8, according to the described self-abrasion anti-foul paint compound of claim 2, it is characterized in that: described unsaturated organic acid is selected for use from acetate, propionic acid, butyric acid, valeric acid, caproic acid, sad, capric acid, laurostearic acid, TETRADECONIC ACID, palmitic acid, stearic acid, phenylformic acid, phthalandione, toluic acid, O-hydroxybenzoic acid, nitre phenylformic acid, chloro-benzoic acid, toluenesulphonic acids, naphthenic acid, sylvic acid and natural acid.

9, according to the described self-abrasion anti-foul paint compound of claim 2, it is characterized in that: described unsaturated organic acid comprises the polymeric acid of polyradical, described polymeric acid be from acrylic copolymer, vinylformic acid-Sipacril 2739OF, comprise the ethylene copolymer of styrene sulfonic acid and the polyester made by multi-group alcohol and polyfunctional group acid select for use.

10, according to the described self-abrasion anti-foul paint compound of claim 4, it is characterized in that: described to comprise the polymkeric substance that has hydrophilic group be from rosin, polyacrylamide, polyacrylic acid, polyester and contain the polyurethane of hydrophilic group and select for use.

11, according to the described self-abrasion anti-foul paint compound of claim 1, it is characterized in that: described R2 is a kind of aromatic unit price organic acid.

12, according to the described self-abrasion anti-foul paint compound of claim 1, it is characterized in that: described R2 is a kind of unit price organic acid of alicyclic ring.

13, according to the described self-abrasion anti-foul paint compound of claim 1, it is characterized in that: described R2 is a kind of alcohol.

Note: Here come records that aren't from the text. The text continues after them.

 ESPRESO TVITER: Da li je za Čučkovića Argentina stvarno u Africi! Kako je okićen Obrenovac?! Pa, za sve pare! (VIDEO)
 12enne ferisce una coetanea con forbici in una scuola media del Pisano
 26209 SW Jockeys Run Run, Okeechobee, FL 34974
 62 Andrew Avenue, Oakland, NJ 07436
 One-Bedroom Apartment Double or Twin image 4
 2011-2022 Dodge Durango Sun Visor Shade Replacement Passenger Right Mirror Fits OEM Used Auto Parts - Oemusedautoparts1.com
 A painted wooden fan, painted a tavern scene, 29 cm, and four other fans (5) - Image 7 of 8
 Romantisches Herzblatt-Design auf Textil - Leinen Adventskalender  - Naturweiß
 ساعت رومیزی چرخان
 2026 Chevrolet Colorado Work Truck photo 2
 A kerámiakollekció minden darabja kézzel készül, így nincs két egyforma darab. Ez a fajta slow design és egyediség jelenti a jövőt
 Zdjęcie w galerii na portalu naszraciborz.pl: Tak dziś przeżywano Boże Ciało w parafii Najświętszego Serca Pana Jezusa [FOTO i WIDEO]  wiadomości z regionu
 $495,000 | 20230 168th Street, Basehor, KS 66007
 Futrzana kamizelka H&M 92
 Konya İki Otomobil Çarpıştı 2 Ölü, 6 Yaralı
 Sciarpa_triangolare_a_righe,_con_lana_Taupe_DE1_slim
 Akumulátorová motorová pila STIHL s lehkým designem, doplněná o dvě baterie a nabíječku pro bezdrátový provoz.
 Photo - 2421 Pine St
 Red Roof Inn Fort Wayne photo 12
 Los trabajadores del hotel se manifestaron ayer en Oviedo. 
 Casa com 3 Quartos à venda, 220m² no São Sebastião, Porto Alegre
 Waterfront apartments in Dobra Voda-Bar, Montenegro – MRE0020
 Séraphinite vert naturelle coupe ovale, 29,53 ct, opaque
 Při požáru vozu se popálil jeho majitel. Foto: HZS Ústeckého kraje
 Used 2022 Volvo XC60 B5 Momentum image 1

14, according to the described self-abrasion anti-foul paint compound of claim 1, it is characterized in that: described R2 is the unsaturated resistates of acrylated oligomer.

15, according to the described self-abrasion anti-foul paint compound of claim 1, it is characterized in that: described R2 is the saturated resistates of acrylated oligomer.

16, according to the described self-abrasion anti-foul paint compound of claim 1, it is characterized in that: described A1 and A2 are the functional groups of sulfonic acid.

17, according to the described self-abrasion anti-foul paint compound of claim 1, it is characterized in that: described A1 and A2 are the functional groups of phosphoric acid.